Active Learning > Recipe Following — A Reflection from the Lab

This year, after journeying into the world of neuroscience and learning, I added a new component to my Mechanical Engineering Lab: student reflection journals.

The goal was simple — to help students engage the parts of the brain that turn experience into understanding.

They record what they observe, what surprised them, and how the concepts connect — because true learning happens when reflection meets curiosity.

So when a few students told me, “We’ve never had an exam in a lab before,”
it opened the door to a much deeper conversation.

I explained that the lab exam wasn’t about recall or calculation — it was about translation: putting what they’ve learned into their own words.
They could even use their journals, because I wasn’t testing memory — I was testing understanding.


After more than 40 years as an educator and engineering consultant, I’ve seen the long-term effects of treating labs as recipe-following exercises.
We end up with professionals who can replicate a process but struggle to articulate why it works.

That’s not their fault — it’s a reflection of how we train them.

It’s time we reimagine the lab as more than a one-credit add-on.
The lab should be a studio of understanding — a place where students can connect theory and experience, test ideas, and reflect on outcomes.

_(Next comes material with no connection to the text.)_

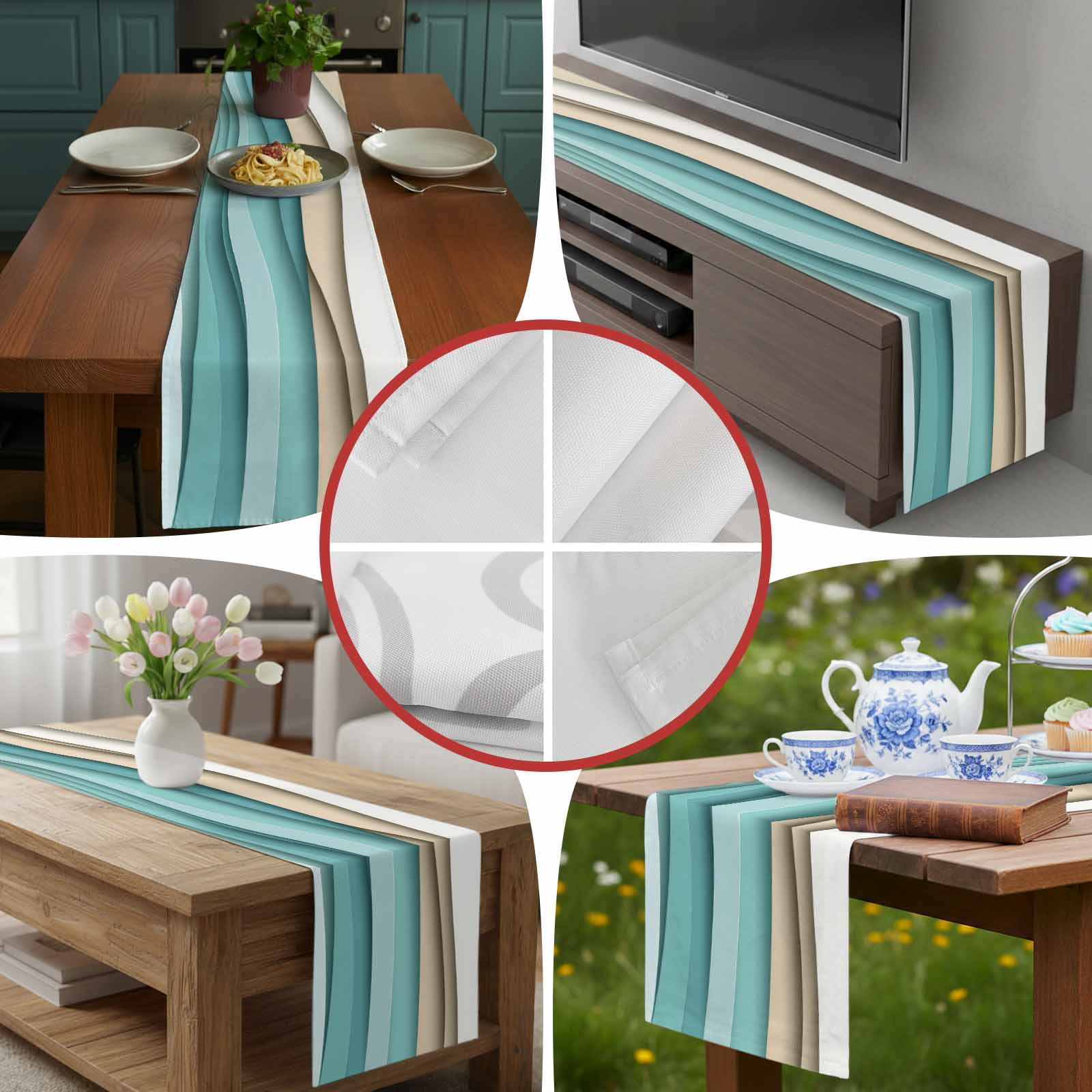 Teal Brown Gradient Water Ripple Table Runner 90 Inches Long, Abstract Geometric Table Runners Tabletop Scarf Kitchen Dining Tables Decoration for Home Party Indoor Outdoor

When we teach through active learning, not rote steps, we cultivate engineers who think like master chefs — able to take raw data and turn it into design, to see failure as feedback, and to innovate from the unknown.

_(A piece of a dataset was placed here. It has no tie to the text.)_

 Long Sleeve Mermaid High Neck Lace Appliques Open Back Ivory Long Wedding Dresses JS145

This isn’t a critique of lab instructors — far from it.

It’s an invitation to share what’s working, to discuss how we can bring reflection, curiosity, and creativity back into the lab experience.
Because if lectures teach the recipe, then the lab is where we learn to cook for real — to blend data, design, and intuition into something original.


To my fellow educators and engineers:

How are you bringing reflection or neuroscience-informed practices into your teaching?

What have you seen help students move from recipe to mastery?